[Excerpts from a dataset]
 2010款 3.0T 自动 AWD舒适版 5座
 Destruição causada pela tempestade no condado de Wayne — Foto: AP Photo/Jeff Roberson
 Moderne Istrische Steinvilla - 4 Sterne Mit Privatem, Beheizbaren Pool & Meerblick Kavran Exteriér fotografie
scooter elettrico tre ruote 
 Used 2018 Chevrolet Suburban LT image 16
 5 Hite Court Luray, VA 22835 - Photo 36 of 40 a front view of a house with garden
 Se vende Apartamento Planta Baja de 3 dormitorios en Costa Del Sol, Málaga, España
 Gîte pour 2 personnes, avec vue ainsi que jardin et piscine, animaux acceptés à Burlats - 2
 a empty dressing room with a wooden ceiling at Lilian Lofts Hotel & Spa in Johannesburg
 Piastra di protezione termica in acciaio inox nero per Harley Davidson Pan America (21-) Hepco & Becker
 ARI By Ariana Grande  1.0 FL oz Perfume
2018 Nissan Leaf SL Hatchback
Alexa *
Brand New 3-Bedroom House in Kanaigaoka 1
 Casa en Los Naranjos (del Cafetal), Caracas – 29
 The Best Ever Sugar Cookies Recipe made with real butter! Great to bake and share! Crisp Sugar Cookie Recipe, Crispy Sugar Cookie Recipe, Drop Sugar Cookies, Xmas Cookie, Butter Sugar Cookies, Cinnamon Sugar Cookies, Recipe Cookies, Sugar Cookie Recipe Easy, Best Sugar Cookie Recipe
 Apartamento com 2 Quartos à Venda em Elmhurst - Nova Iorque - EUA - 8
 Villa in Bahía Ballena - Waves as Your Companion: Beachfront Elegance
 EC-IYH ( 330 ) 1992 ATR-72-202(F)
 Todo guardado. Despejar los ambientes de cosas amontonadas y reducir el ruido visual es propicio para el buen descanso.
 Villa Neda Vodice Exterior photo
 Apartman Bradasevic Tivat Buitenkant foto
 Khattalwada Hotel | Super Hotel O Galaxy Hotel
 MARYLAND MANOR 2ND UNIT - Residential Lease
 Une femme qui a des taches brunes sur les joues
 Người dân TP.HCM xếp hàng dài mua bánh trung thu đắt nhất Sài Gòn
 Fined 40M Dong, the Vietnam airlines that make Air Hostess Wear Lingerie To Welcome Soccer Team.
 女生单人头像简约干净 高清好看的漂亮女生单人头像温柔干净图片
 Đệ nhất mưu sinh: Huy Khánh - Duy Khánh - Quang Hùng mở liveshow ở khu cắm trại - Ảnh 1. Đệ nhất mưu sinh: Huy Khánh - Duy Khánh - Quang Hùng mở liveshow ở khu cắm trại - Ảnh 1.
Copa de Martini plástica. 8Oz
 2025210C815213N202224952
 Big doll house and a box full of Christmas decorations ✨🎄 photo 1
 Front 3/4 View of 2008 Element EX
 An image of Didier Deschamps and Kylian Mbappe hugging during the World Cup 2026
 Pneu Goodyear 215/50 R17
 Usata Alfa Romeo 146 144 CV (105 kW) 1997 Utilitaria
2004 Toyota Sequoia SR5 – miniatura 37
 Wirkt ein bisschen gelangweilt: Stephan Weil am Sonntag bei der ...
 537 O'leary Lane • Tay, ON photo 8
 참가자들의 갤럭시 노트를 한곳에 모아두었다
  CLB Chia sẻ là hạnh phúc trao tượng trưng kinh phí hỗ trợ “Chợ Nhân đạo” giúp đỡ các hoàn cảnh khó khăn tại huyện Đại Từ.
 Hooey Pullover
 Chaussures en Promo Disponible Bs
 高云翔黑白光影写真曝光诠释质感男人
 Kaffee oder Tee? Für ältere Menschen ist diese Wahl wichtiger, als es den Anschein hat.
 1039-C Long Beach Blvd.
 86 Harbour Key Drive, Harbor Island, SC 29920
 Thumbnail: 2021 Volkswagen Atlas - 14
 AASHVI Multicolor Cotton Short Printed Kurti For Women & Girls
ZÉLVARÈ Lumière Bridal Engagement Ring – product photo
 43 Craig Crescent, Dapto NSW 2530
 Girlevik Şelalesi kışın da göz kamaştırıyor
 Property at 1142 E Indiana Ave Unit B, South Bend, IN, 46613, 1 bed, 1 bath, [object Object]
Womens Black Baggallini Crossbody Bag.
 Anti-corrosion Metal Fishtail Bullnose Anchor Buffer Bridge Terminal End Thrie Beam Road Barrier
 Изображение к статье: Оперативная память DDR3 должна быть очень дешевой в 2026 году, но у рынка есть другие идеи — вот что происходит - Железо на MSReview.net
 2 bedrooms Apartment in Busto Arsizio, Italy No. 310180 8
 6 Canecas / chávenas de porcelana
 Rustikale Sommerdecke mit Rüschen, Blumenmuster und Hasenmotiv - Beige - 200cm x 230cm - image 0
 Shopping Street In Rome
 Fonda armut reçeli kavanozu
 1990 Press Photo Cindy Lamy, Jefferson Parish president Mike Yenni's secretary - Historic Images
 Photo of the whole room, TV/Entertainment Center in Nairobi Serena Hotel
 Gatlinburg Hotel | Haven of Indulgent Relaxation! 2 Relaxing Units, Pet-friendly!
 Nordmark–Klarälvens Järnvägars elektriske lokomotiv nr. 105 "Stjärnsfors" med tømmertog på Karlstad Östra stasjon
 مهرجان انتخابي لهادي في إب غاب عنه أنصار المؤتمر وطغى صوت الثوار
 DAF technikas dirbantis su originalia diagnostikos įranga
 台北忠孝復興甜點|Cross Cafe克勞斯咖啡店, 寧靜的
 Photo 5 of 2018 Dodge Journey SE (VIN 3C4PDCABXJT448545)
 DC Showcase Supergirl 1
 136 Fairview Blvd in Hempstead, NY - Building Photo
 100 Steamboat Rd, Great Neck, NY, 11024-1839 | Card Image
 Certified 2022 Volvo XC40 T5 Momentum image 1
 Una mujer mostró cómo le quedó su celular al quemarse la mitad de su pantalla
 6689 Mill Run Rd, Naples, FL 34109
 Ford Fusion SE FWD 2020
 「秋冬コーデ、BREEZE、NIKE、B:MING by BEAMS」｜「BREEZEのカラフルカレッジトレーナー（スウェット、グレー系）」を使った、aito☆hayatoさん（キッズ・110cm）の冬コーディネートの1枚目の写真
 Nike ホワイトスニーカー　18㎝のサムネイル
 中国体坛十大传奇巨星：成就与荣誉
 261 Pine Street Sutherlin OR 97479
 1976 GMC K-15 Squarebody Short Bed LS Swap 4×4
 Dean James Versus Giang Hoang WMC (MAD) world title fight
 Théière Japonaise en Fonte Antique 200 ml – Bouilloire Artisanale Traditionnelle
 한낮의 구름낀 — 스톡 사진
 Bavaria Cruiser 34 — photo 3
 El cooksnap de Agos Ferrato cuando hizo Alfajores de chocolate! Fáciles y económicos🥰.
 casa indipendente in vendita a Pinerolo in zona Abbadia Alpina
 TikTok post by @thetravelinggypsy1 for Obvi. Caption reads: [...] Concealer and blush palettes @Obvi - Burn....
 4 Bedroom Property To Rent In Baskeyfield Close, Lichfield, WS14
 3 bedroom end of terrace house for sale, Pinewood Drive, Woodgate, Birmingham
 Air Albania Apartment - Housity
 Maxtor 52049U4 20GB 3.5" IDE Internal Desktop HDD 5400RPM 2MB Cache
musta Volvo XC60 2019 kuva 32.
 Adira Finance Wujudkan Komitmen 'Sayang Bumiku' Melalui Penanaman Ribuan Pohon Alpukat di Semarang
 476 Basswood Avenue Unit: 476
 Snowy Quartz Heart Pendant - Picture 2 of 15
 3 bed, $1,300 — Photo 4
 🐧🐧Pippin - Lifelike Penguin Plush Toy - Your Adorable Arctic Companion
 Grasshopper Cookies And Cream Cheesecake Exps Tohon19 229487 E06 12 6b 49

[PROBLEM TO WORK ON]: Up to and including the line with "Se vende Apartamento", repeat the entries exactly, beginning at their first line.

[RESULT FOR THIS TASK]:
 2010款 3.0T 自动 AWD舒适版 5座
 Destruição causada pela tempestade no condado de Wayne — Foto: AP Photo/Jeff Roberson
 Moderne Istrische Steinvilla - 4 Sterne Mit Privatem, Beheizbaren Pool & Meerblick Kavran Exteriér fotografie
scooter elettrico tre ruote 
 Used 2018 Chevrolet Suburban LT image 16
 5 Hite Court Luray, VA 22835 - Photo 36 of 40 a front view of a house with garden
 Se vende Apartamento Planta Baja de 3 dormitorios en Costa Del Sol, Málaga, España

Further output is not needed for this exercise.